We have fostered, developed and nurtured relationships with government, development partners, private sector, industry, donors, NGOs and corporates. With technical, business, people and operations leadership, I have demonstrated abilities to organize projects, out of box thinking, mentor staff and make prioritization decisions on project milestones and deliverables. My acumen to develop solutions, pro-activeness and people management skills have led to timely delivery of projects that have made lives of the people we serve better.
Tell us an example of a specific memorable work you did that is very close to you!
We helped establish point-of-care rapid molecular diagnostics for Tuberculosis at Tso Jey Clinic, Rumtek Dharma Chakra Centre, Sikkim. The Monks’ Community at Rumtek Monastery consists of young children studying at Karma Jamyang Khang Primary School, a preparatory school to educate young members of the monks’ community in Tibetan grammar, poetry, English, ritual arts and instruction in Buddhist texts. The Karma Shri Nalanda Institute for higher Buddhist studies at Rumtek hosts Tibetan refugees and students from India, Nepal, and Bhutan.

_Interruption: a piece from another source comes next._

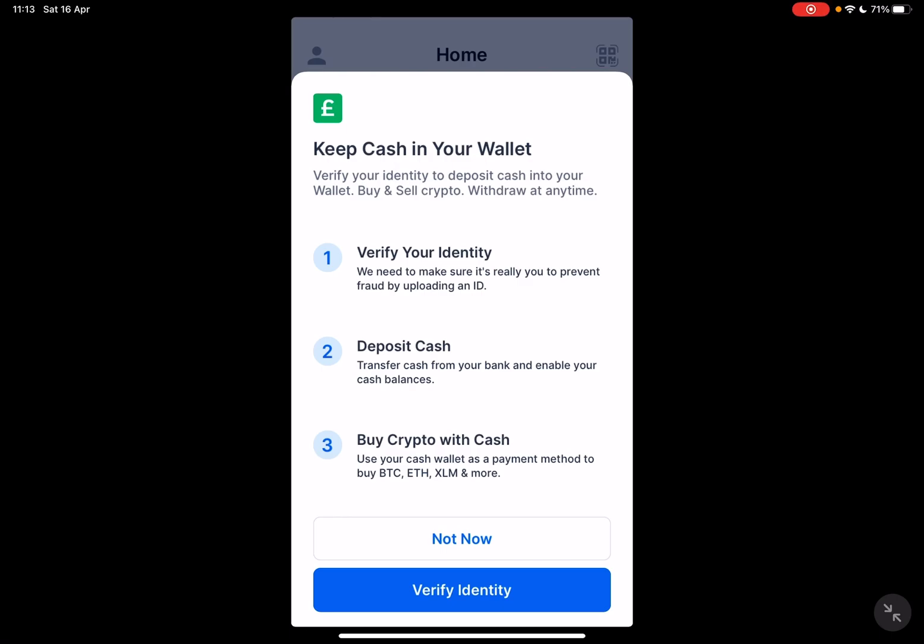The app is going to require you to verify your identity if you haven't already, which means you have to scan your ID. Then you have to deposit cash — you can transfer cash from your bank and enable your cash balance.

At Rumtek, we did extensive screening and testing for TB with support from the National TB Elimination Program. The TrueNAT MTB testing workstation used in TB testing was a gift from MolBio Diagnostics Pvt. Ltd (Goa, India). It was a proud moment to provide healthcare solutions in a geographically difficult terrain.
Your advice to students based on your experience?
I’m an ardent student of human spirit and ethos. Challenges have driven me to break away from the routine and undertake diverse tasks both on a professional and personal front. I’m a pioneer and a trend setter and many “firsts” are credited to me. The key is “Never Give Up”. Be a believer first and work towards your goals. Failures should not stop us. Not repeating the same mistakes is also learning.
I’m valued for my leadership and management skills. I’m defined by the choices I have made. I wear multiple hats but at the same time each one is an integral part of me. My advice to all students is to compete with self only and strive to be a better version of yourselves each day.
Keep the child in me curious and alive. My future plans include learning a new skill, enhancing competency in new subjects, exploring new territories, reading new books, learning a new sport, being a happy loving human being and regularly updating my bucket list.